Substance misuse services

Requires improvement

Updated 21 June 2016

We rated substance misuse services as requires improvement because:

  • Staff did not complete and update paperwork appropriately. Assessment, mental health, physical health and safeguarding documents contained blank pages. Staff did not routinely update risk assessments when a person’s situation changed. Recovery plans did not outline goals that were holistic and addressed a variety of needs alongside drug and alcohol misuse.

  • Managers had not addressed issues with the electronic record system in a timely way. Information about risk had not transferred from the previous system in full and this made information about a client difficult to navigate. The new system was implemented in September 2015 and the issues had not been resolved in full and there was no long term plan to address this.

  • Staff did not see clients for appointments as outlined in recovery plans and did not review clients’ medication regularly. Staff did not fully complete medication records and information was missing about client allergies

  • Managers did not record specialised training completed by staff that supported them to work with this client group. Supervision records were poor quality. Managers did not record that staff were given the opportunity to discuss their individual development needs. Managers did not record training that staff had attended.

However:

  • Medical professionals assessed physical health at the start of treatment and referred people for appropriate tests prior to starting medication. Medication was stored and managed well across all services and prescriptions were stored securely.

  • Staff worked with clients in a positive and supportive way. They spoke to clients with respect and people told us that they felt safe using the service. People said they staff treated them as individuals.

  • Staff dealt well with complaints and resolved them at a local level. Managers apologised to clients when things went wrong. Staff escalated complaints to the trust complaints team if clients were unhappy with the local outcome.

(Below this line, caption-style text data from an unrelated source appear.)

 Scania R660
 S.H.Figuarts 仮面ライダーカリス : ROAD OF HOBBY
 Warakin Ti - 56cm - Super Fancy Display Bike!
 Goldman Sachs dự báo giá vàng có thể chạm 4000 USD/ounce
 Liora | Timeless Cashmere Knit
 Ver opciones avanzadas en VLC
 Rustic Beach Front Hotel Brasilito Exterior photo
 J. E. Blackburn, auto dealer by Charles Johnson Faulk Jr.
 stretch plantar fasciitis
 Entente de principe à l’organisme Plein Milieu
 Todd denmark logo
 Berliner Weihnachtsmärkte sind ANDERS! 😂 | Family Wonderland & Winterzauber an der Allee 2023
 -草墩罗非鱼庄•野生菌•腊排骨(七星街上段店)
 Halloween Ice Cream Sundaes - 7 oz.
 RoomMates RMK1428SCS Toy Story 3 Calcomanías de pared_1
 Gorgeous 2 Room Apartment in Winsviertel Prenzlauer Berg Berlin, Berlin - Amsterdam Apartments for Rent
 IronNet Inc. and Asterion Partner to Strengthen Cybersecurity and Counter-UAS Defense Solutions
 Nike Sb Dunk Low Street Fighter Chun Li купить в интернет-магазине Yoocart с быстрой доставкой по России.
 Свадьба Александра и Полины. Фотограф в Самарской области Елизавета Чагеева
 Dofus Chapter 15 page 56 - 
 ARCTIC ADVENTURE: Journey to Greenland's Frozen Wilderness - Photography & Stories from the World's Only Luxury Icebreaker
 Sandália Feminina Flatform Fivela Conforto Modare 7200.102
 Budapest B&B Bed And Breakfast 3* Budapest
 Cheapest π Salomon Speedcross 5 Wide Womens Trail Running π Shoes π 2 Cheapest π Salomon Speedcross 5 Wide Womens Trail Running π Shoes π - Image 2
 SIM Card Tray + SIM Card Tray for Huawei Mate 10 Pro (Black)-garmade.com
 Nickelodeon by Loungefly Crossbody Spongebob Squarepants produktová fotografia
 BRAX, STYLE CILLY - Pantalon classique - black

Community-based mental health services for adults of working age

Good

Updated 28 January 2020

Our rating of this service stayed the same. We rated it as good because:

  • Our overall aggregated rating did not change in this inspection because we did not inspect Effective, Caring, Responsive and Well-led. In these key questions, our ratings for from our previous inspection published in March 2018 remain unchanged. At that inspection, we rated the trust’s community-based mental health services for adults of working age as good for caring, responsive and well-led. We rated it as outstanding for effective.

However, our rating of Safe went down. We rated Safe as requires improvement because:

  • Patients identified as in need of a Mental Health Act (MHA) assessment were not always assessed promptly.

  • The number of patients on the caseloads of some teams, and of individual members of staff in these teams, was too high to allow the staff to give each patient the time they needed.

  • Nevertheless, the service provided safe care to most patients. Clinical premises where patients were seen were safe and clean. Staff managed most waiting lists well to ensure that patients who required urgent care were seen promptly. Staff assessed and managed risk well and followed good practice with respect to safeguarding.